§ What to work on
Copy each line of the listing below where the word "with" turns up.
# # #
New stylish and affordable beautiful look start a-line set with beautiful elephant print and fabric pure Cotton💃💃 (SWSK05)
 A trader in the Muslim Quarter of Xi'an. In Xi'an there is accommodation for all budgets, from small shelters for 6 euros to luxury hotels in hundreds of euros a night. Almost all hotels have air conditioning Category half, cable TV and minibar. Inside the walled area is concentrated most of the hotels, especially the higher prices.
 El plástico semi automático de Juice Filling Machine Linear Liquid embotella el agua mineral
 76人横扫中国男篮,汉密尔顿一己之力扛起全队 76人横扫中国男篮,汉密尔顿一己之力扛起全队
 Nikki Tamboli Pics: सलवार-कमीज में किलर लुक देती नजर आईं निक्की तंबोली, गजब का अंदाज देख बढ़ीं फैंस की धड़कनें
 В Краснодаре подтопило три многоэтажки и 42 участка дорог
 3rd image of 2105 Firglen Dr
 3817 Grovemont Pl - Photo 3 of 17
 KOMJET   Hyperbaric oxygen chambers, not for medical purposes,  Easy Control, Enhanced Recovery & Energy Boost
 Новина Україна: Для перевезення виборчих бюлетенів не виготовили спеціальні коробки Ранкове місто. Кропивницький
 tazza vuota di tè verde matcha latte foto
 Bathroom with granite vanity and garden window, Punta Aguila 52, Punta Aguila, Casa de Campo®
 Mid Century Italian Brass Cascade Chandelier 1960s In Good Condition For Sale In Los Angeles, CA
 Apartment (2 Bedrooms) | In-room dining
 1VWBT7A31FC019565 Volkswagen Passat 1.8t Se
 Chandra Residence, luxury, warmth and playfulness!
# # #
§ Output of the exercise
New stylish and affordable beautiful look start a-line set with beautiful elephant print and fabric pure Cotton💃💃 (SWSK05)
 Bathroom with granite vanity and garden window, Punta Aguila 52, Punta Aguila, Casa de Campo®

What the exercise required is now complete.